• _DATA EXTRACT_
=== Begin Enclosure ===
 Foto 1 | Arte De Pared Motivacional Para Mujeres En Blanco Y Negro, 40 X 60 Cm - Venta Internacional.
=== End Enclosure ===
=== Begin Enclosure ===
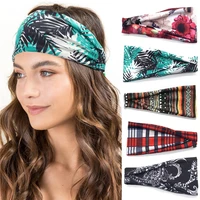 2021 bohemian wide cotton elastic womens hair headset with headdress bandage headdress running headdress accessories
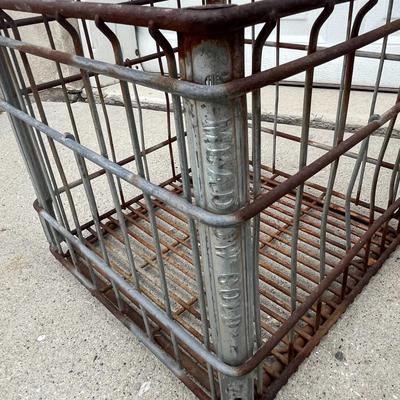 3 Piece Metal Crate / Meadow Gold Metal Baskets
=== End Enclosure ===
• _EXERCISE BRIEF_
In the listing above, find the line containing "2021 bohemian wide" and the line containing "3 Piece Metal", then print exactly those two lines and every line between them, minus the pictures.

• _PROBLEM SOLUTION_
 2021 bohemian wide cotton elastic womens hair headset with headdress bandage headdress running headdress accessories
 3 Piece Metal Crate / Meadow Gold Metal Baskets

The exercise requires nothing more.